# Celtic sacred trees



## Brian G Turner (May 27, 2016)

This came up at home with the mention of a "Tamman" tree - so I looked it up on Wikipedia and there's an entry on sacred trees in Celtic lore that some may find interesting as part of their writing research:

Celtic sacred trees - Wikipedia, the free encyclopedia


----------



## Ray McCarthy (May 27, 2016)

There are maybe three levels of "sacred" trees in Celtic lore.
The ones the alphabet letters are named  after (which includes important trees). Though some people say that's a late invention.

I think Oak, Hazel and Rowan (mountain ash) are very important. Blackthorn (slow or May) and Hawthorn too.  I'll read the article later. I have books on the subject. I forget about Willow.


----------



## Phyrebrat (May 27, 2016)

Every fantasy writer should get a yew in one of their stories over their career: it should be the law. 

pH


----------



## Jo Zebedee (May 27, 2016)

Oh, we do trees over here. Sacred, fairy-cursed, all sorts. Anyone writing anything in the celtic world needs a smattering of knowledge.


----------



## Ray McCarthy (May 28, 2016)

I think it varies a lot between Brittany, Cornwall, Scotland, Wales, Isle of Man and Ireland.
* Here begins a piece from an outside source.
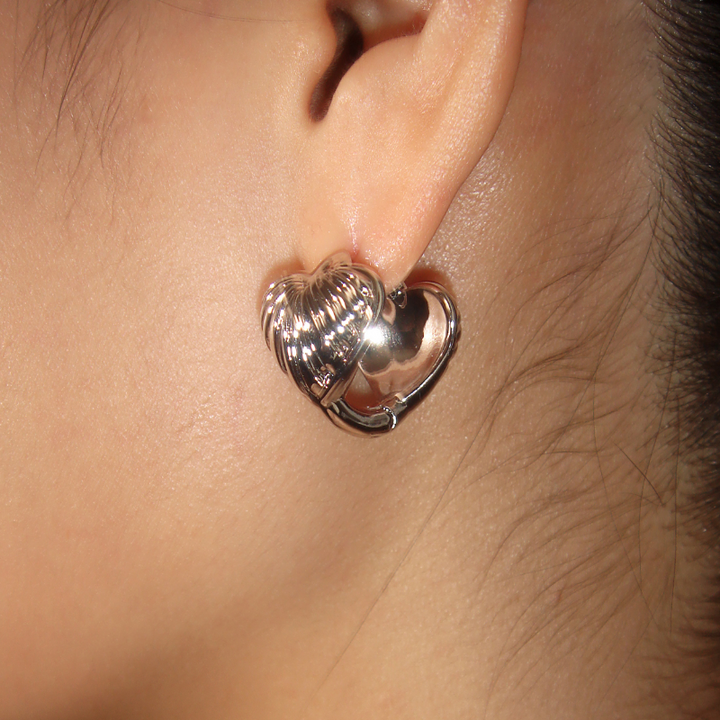 LETTI Heart Ear Studs Earrings - Pair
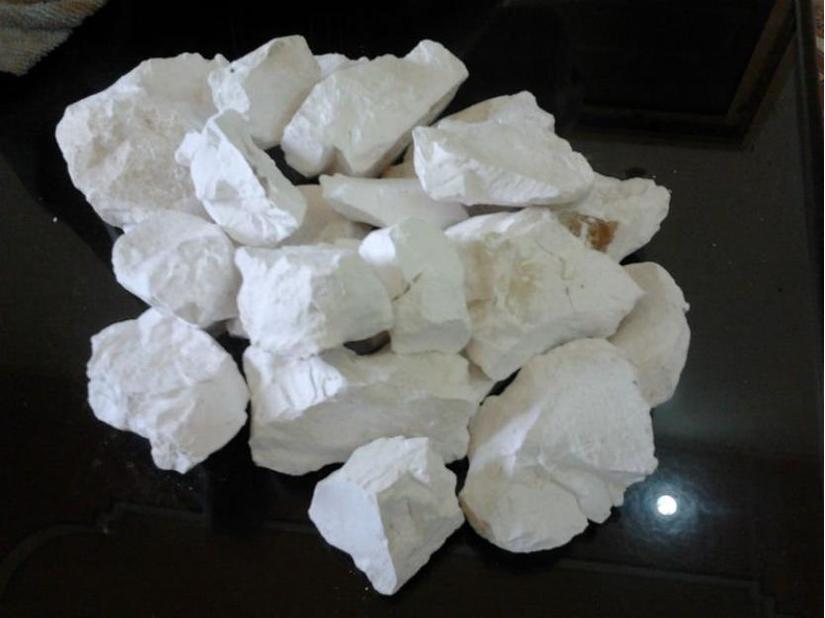 Cách giảm độ ẩm trong phòng bằng vôi sống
Also somewhat with which period of time.
I don't think the Wikipedia article is very accurate for Ireland.
Here the Blackthorn & Hawthorn more important than Elder as "fairy tree". A local dual carriageway built in last ten years split around a fairy thorn.

Apple is important, but I don't see that it has same significance as Hazel, Rowan and Oak, the three important ones. I'm fairly sure "Ash" mostly meant Mountain Ash, the Rowan. We have a large Rowan and a large Hazel we planted when we moved in here in 1998. Though we weren’t thinking of Celtic lore. We have Willow, Plum, Elder and Cherry we planted too.

I'd never heard of the Tammar as Manx Celtic stuff is quite different to Ireland, Scottish is far closer, then Welsh.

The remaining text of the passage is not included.